** Work to complete **
Restate, word for word and with no pictures, the stretch of lines in the data below that begins at the line with "Blumen, Mädchen #biU" and ends at the line with "Manager options not", inclusive.

** Supplied records **
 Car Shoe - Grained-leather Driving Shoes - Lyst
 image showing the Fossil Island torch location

---

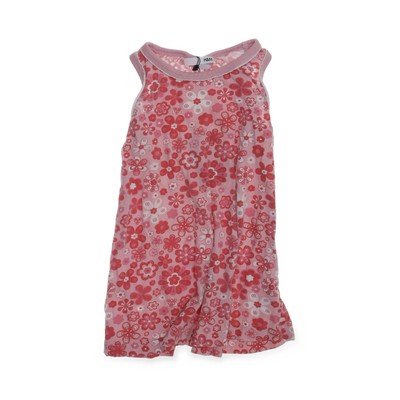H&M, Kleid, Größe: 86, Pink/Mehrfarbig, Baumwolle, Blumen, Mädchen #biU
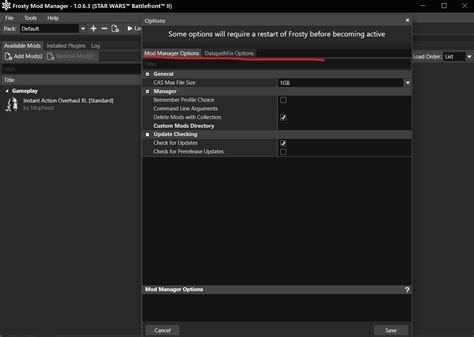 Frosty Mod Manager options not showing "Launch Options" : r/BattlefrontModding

** Response **
H&M, Kleid, Größe: 86, Pink/Mehrfarbig, Baumwolle, Blumen, Mädchen #biU
 Frosty Mod Manager options not showing "Launch Options" : r/BattlefrontModding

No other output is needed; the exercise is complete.